INFORMATION GIVEN:
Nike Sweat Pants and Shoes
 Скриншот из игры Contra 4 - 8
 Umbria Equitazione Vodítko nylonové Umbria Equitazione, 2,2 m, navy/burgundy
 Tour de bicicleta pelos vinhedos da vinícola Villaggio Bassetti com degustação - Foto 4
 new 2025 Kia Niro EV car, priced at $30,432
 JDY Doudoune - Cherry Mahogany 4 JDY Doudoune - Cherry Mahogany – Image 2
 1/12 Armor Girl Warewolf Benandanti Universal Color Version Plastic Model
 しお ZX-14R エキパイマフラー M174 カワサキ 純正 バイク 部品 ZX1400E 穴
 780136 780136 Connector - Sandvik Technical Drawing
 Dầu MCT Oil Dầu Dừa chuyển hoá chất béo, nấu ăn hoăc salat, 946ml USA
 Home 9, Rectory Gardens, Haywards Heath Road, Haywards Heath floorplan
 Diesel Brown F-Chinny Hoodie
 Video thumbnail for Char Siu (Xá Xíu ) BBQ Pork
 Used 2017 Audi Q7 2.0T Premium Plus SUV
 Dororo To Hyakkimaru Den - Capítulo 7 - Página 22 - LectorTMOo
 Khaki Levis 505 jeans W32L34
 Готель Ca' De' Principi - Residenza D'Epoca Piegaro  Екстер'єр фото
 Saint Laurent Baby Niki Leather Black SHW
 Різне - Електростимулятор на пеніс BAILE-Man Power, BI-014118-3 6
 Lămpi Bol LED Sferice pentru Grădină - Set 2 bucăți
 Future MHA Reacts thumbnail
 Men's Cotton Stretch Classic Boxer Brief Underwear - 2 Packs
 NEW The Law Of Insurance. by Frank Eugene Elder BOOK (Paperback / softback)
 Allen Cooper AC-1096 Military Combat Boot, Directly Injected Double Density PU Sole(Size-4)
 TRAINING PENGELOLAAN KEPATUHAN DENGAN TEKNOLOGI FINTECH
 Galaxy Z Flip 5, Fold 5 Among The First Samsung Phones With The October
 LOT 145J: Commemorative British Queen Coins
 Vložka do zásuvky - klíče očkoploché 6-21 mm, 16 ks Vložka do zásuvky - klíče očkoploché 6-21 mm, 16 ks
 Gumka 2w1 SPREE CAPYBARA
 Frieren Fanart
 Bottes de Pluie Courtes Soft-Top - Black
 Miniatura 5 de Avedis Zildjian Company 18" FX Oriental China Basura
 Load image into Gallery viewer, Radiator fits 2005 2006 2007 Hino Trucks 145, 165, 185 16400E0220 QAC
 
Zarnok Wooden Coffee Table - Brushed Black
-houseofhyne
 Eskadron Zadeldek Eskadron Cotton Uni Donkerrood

WHAT THE TASK ASKS: Filter the lines above so that only those with the string "Cotton" remain, then copy them.

EXERCISE OUTPUT:
 Men's Cotton Stretch Classic Boxer Brief Underwear - 2 Packs
 Eskadron Zadeldek Eskadron Cotton Uni Donkerrood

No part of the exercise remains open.